Mom called back and talked to Francis. About 15 minutes later, she arrived, drove me home, and stayed for a few hours to be sure I’d be okay. Bonnie said she’d come check on me later. I spent the afternoon resting and recovering.
About 7:00 that evening, Bonnie came over for a few minutes with Hattie to see how I was doing. It meant a lot that she cared enough to check on me. It didn’t stop there, though. Even the next day, Bonnie came and wanted to take Petey out to go for a walk, so I wouldn’t have to. I graciously accepted. When they returned she asked what time I get up in the morning.
“About 7:30,” I said.
“I’ll come take him out then.”
“You don’t have to do that,” I said.
“I don’t mind. I’ve got to take Hattie out anyway. I’ll just take both of them.” So she did. When they returned, I thanked her and she volunteered to take them that evening too. It was so kind of her. Even a week later, she’s coming to help me with Petey, not wanting me to fall again.
It may not seem like a big thing to do, but my neighbors’ efforts meant a lot as I continued to recover. Small acts of kindness can make a big difference.
Ellen Andersen lives in Mauldin, South Carolina with her adorable dog, Petey. Active in her church, Ellen is a Stephen Minister, serves on the First Impression Team, and hosts a weekly Bible study. She enjoys gardening, theater, and spending time with friends and family.

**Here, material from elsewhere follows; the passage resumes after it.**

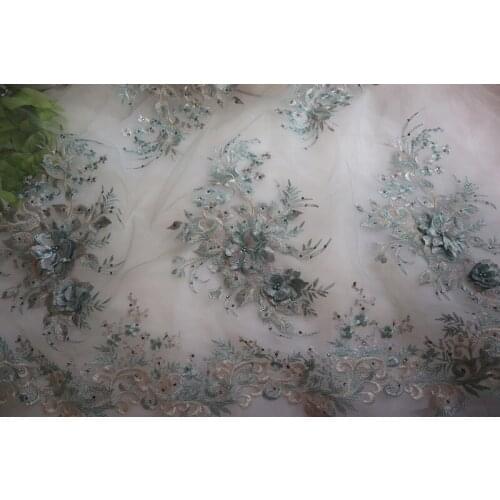 Light blue 3D embroidered lace fabric, 3D flowers embroidered lace fabric by the yard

5 thoughts on “Neighbors to The Rescue”
It is amazing how gracious people are. We usually only look at the negative, but there are so many times like this when our neighbors and friends come to the rescue!
Absolutely Joyce. There’s a lot of good in the world if we’ll only take the time to notice it.
Wow, what a story. I bet Petey’s really ashamed of himself.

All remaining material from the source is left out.